《part-2》 CMSIのネット配信講義
下司 雅章
げし まさあき
大阪大学 ナノサイエンスデザイン教育研究センター 特任准教授
CMSI人材育成事業が今年度から本格始動しました。大阪大学を配信元として「計算科学技術特論A」を、教育拠点大学をはじめとする10カ所にテレビ会議システムを利用して配信しています。本講義は録画し、CMSIのホームページでも公開されています。平成26年度は「計算科学特論B」を実施する予定です。大阪大学では大学院の単位が認定されます。
これまで計算科学の研究者の育成は、全国に散らばった個々の研究室に依存しており、数値計算の技術はそれぞれの研究の必要に応じて必要なことだけを各自で勉強して習得してきた場合がほとんどだと思います。しかし、計算機はかつてのベクトル計算機から超並列タイプに主流が移り、ハードの構成も複雑になってきています。これを熟知して十分に性能が出るようにプログラミングをすることは、一研究室や一個人の努力のみではかなり大変な状況になってきています。かつては、「まずシリアルで走るものをつくって速度が問題になってきたら並列化をする」と考えられていたようですが、今では開発するソフトウェアが大規模で長時間の計算になることが最初からわかっているならば、最初から並列アルゴリズムを考えた上で開発を始めないといけないとされています。つまり、開発を始める段階で、並列化などのHigh Performance Computing (HPC)の知識をもっている必要があります。世界的に有名な計算科学ソフトウェアはほとんどが欧米のもので、これと戦えるものをつくるということは、もはや開発を行っている研究室が個別にできるものではなく、日本全体で若手を育成していくことを目標にして、共通のカリキュラムを用意して取り組む必要があると思われます。
CMSIで育成すべき人材は全国に散らばっていますので、テレビ会議システムを用いて同時に講義を提供するのが効率的です。これによって、教員が忙しくてゼロから学生を教え込めない状況でも、最低限の知識はネット配信され、各教員はそれぞれの研究室のテーマに合わせて付け加えて指導することで、負担を軽減することができます。
今後の計算科学に必要な人材は、ソフトウェア開発ができる人材と、ソフトウェアを使って研究を進める人材(ユーザー)の2つに大別できます。前者は計算科学の学術的進展に欠かせない人材であり、サイエンスの能力のみならず数値解析やアーキテクチャーの知識をもち、それらの専門家と連携できる能力も必要です、後者は今後、実験家がこれまでよりいっそう増え、計算科学が実験ツール並みに利用されていくことによって増えていくと予想されます。
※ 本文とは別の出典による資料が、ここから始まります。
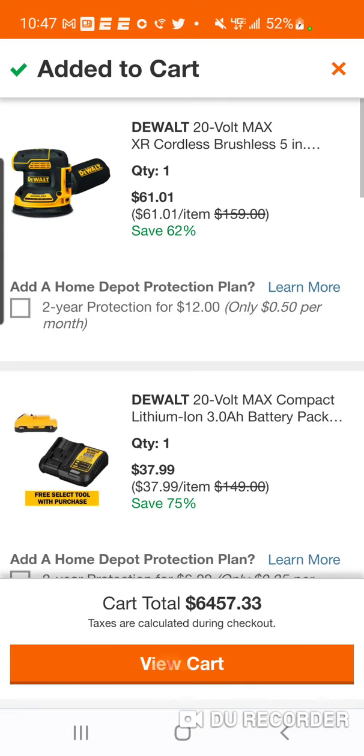$61 — it still works, folks. You're doing something wrong, not me. Just kidding, relax. Get rid of the app.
前者のカリキュラムでは、各分野に共通する技術や知識は共通科目として提供し、それぞれの手法に特化した技術については専門科目として提供します(図1)。ユーザー養成においては、それぞれの手法の基礎理論の概略や種々の方法について講義し、応用事例を紹介します(図2)。そして、もっとも大事な講義は、実習を行い、実際に使えるように訓練することです。このように、開発者養成とユーザー養成のそれぞれに合ったカリキュラムを策定して、コミュニティ全体で育成する体制を整えていく必要があります。 人材育成は、ハードとしてのスパコンをつくることと両輪の関係にあります。京コンピュータの次のエクサフロップス級のスパコンの検討が始まった今、その稼働時には即座に対応できる人材を、今からそこに焦点を当てて育成していかなければなりません。また、優秀な人材を確保することも不可欠なことですので、 10年後に活躍すべき世代に対する啓蒙活動も最重要課題の1つです。本講義は、大阪大学で社会人や大学院生の教育として10年前から実施されてきたノウハウの下に実施されていますが、この方式は今後の大学院教育においてのモデルケースとなると思います。